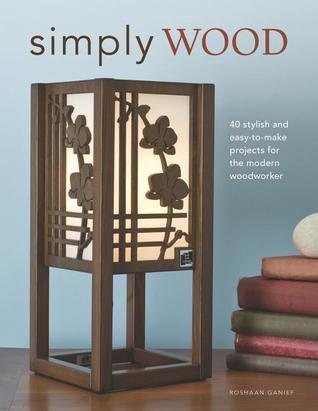 Simply Wood: 40 Stylish and Easy To Make Projects for the Modern Woodworker (Fox Chapel Publishing) Fresh Designs for Pendants, Frames, Wall Art, Office Accessories, and More for Your Scroll Saw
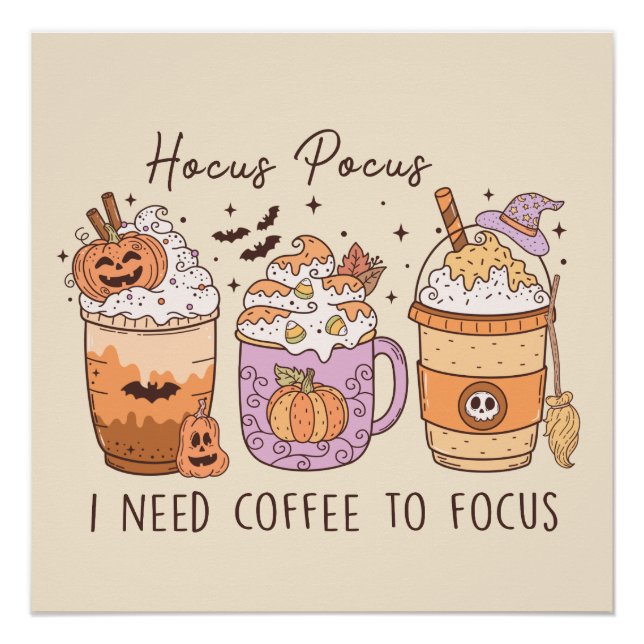 Póster "Hocus Pocus, preciso que o café se concentre" (Frente)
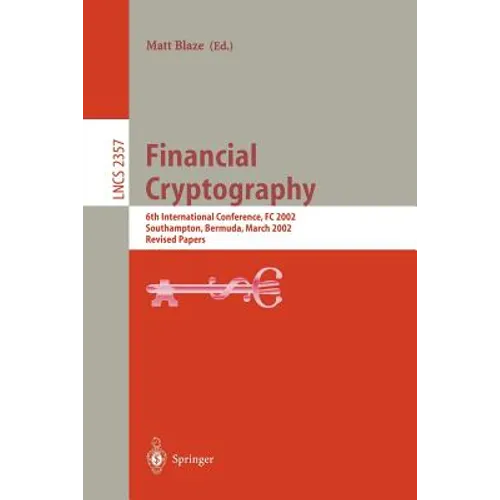 Financial Cryptography: 6th International Conference, FC 2002, Southampton, Bermuda, March 11-14, 2002, Revised Papers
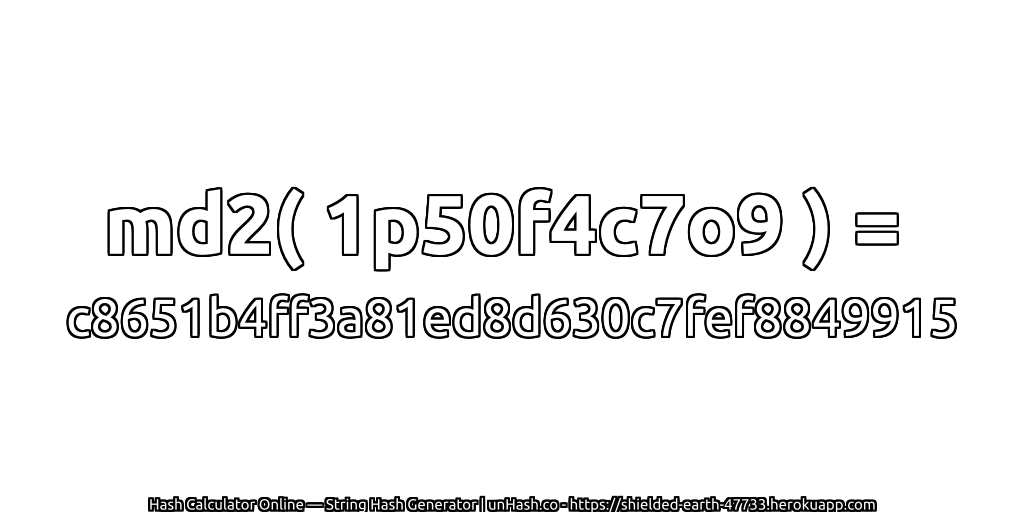 md2( 1p50f4c7o9 ) = c8651b4ff3a81ed8d630c7fef8849915 | unHash.co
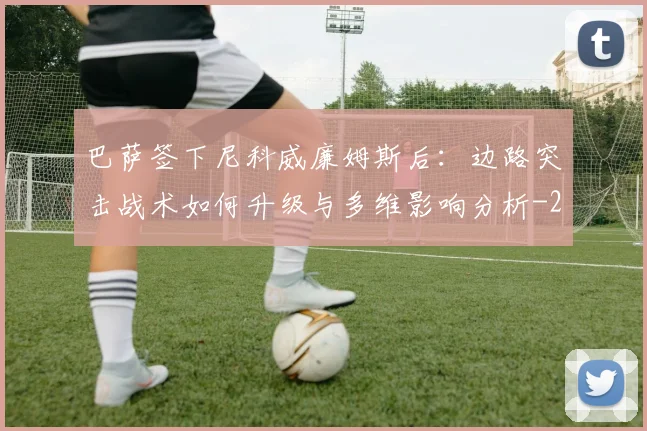 巴萨签下尼科威廉姆斯后:边路突击战术如何升级与多维影响分析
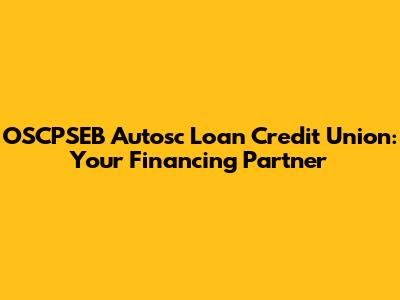 OSCPSEB Autosc Loan Credit Union: Your Financing Partner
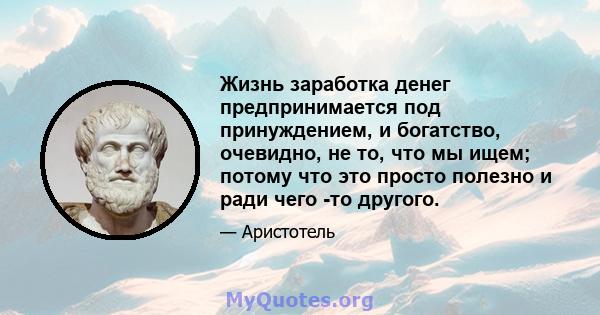 Жизнь заработка денег предпринимается под принуждением, и богатство, очевидно, не то, что мы ищем; потому что это просто полезно и ради чего -то другого.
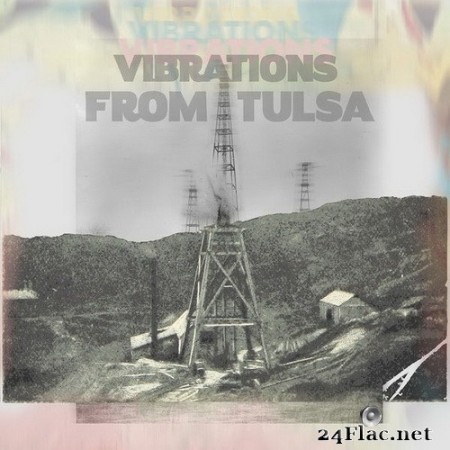 VA - Vibrations from Tulsa (2020) Hi-Res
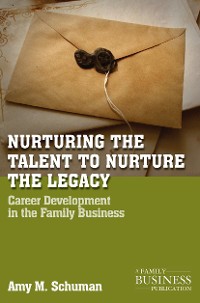 Cover Nurturing the Talent to Nurture the Legacy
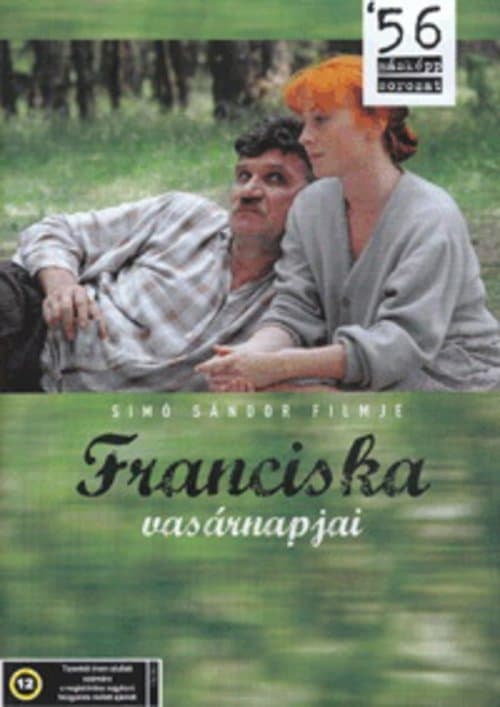 Franciska vasárnapjaiのポスター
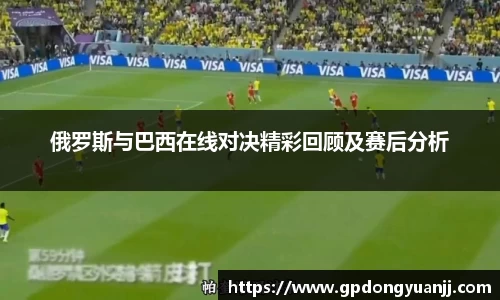 俄罗斯与巴西在线对决精彩回顾及赛后分析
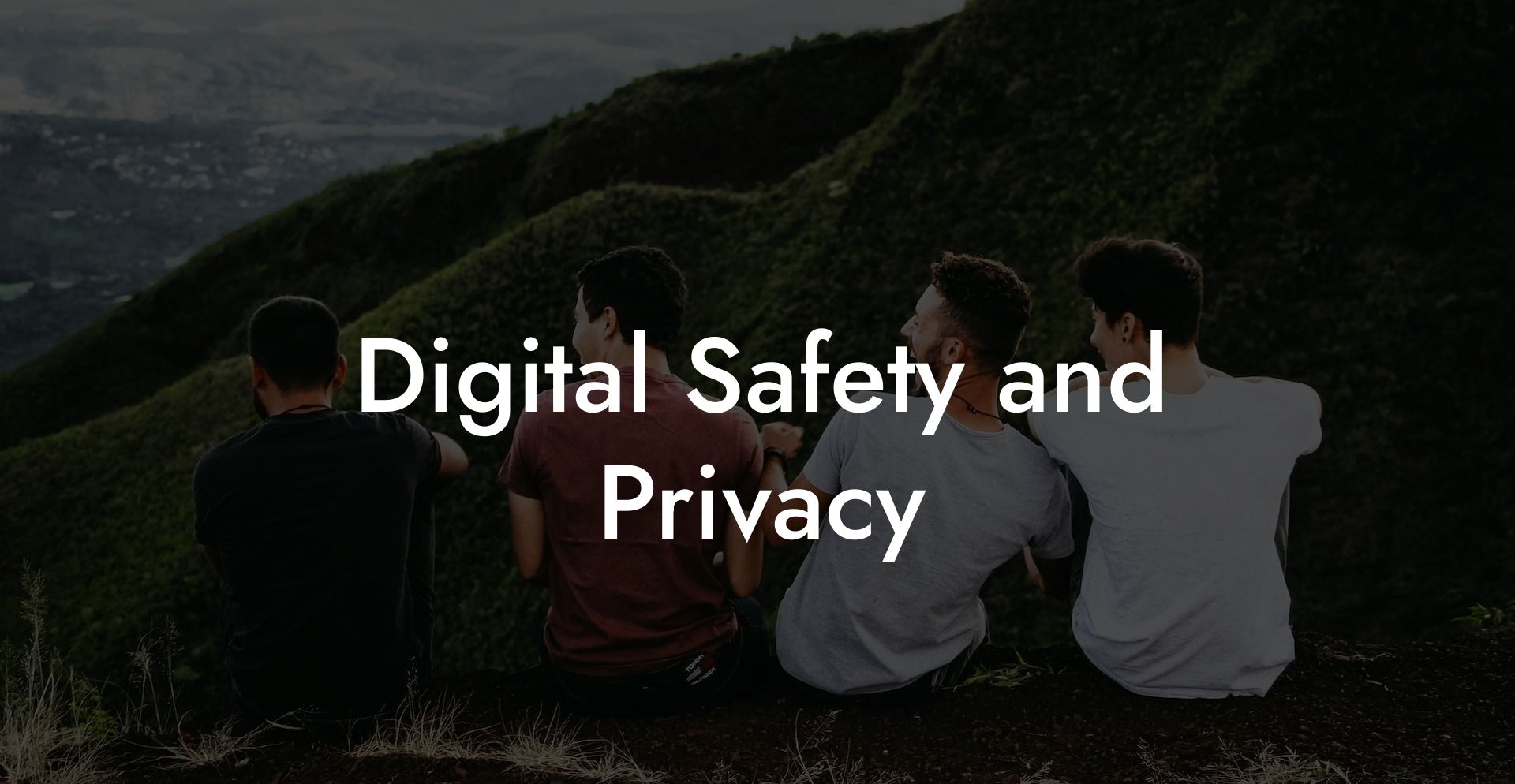 Digital Safety and Privacy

☆ ☆ ☆ ☆

## [THE TASK]
Once the line holding "Cover Nurturing the" is found, copy it and each later line exactly through the end of the data, leaving out the pictures.

## [REPLY TO THE EXERCISE]
 Cover Nurturing the Talent to Nurture the Legacy
 Franciska vasárnapjaiのポスター
 俄罗斯与巴西在线对决精彩回顾及赛后分析
 Digital Safety and Privacy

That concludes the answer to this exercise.